Si l’on pouvait espérer que la multiplication des data dans l’entreprise permette de dégager du temps pour – s’agissant des managers – mieux faire le travail d’accompagnement des équipes, de repérage des compétences à acquérir, les témoignages des salariés convergent à contrario sur le constat que la data étant très facile désormais à collecter, les entreprises demandaient aux cadres encore plus de reporting. Obligatoire, quitte à ce que ces données ne soient jamais utilisées, ou de manière incohérente.
Big data : quel effet sur la charge de travail des cadres aujourd’hui ?
L’arrivée du Big data dans les entreprises a un impact sur le charge de travail des cadres : de manière contre-intuitive, l’intégration des algorithmes dans le travail des cadres alourdit – pour l’instant – la charge de travail des cadres experts et managers : les taches que les « assistants digitaux » ne peuvent plus faire, – le cas du secteur comptable a été présenté précisément – sont prises en charge par les hommes, souvent des cadres très qualifiés qui sont de plus en plus concentrés sur des taches très complexes tout au long de la journée. Au quotidien, l’alternance de taches simples et complexes a quasi disparu, alors qu’elle permettait des temps de régénération mentale. En supprimant le poste de facturation et saisie par exemple, occupé désormais par un robot ½ journée par semaine, les ajustements métier ne se font plus mais la responsabilité de la cohérence du résultat de la matrice comptable relève toujours du cadre. La charge du travail d’ajustement métier est toujours reportée sur les équipes, contrairement à la promesse immédiate du grand big bang Big data.

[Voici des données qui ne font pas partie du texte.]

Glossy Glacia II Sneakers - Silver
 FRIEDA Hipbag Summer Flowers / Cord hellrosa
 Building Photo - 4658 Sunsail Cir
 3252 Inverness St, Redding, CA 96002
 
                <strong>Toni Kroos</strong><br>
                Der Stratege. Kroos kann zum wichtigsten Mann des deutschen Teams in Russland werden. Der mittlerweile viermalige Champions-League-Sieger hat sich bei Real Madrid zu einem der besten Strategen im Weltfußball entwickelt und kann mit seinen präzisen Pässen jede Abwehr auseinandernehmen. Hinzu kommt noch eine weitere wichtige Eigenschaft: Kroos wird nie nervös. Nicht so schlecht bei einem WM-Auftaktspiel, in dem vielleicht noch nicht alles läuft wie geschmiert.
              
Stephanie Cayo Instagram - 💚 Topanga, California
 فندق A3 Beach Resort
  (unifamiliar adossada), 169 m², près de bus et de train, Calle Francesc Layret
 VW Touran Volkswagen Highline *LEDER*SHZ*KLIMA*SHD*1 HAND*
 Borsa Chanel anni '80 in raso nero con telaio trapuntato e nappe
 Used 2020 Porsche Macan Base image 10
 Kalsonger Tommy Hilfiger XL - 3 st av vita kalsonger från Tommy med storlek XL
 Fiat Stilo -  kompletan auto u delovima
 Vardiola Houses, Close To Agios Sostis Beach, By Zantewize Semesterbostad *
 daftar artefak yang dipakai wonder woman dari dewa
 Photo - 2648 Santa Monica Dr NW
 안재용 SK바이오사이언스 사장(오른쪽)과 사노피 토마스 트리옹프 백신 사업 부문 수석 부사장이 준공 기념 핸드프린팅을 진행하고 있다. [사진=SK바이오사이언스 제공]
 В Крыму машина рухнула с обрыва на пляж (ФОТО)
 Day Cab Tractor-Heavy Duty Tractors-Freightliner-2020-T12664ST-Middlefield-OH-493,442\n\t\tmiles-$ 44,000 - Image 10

Les entreprises mettent-elles en œuvre des stratégies RH sur la transformation des compétences ?
Avis très tranchés. Dans les entreprises du secteur informatique, leader sur le secteur, le Big data « est une stratégie pour acquérir des clients », mais curieusement « il n’y a pas de stratégie RH sur le changement de nos métiers ». La compétence elle-même est mal définie, et, dans un cercle vicieux, est considéré comme compétent, celui qui maîtrise le dernier logiciel à la mode, alternativement Oracle ou son concurrent. La communication RH n’est alors que de « créer des postes à forte valeur ajoutée ». Les compétences sont considérées comme caduques selon l’adéquation ou l’inadéquation avec les outils.
Dans une grande entreprise du secteur des transports, un trop vague critère « d’ appétence au numérique » filtre les promotions de carrière.
Il faudrait mieux définir ce qu’est une compétence. Voire rendre des éléments de cette définition opposable… ? Alors qu’un défi RH du secteur informatique est justement la difficulté à recruter, une des entreprise leader assume le PSE comme un élément de leur stratégie.
La participation des managers au repérage des nouvelles compétences, par la connaissance du métier, a aussi été évoquée. Là encore, maigre bilan à cette date. Le manager n’est pas appuyé, reconnu dans ce rôle d’accompagnement des équipes dans la transformation des compétences, c’est lui qui pourtant connait les métiers.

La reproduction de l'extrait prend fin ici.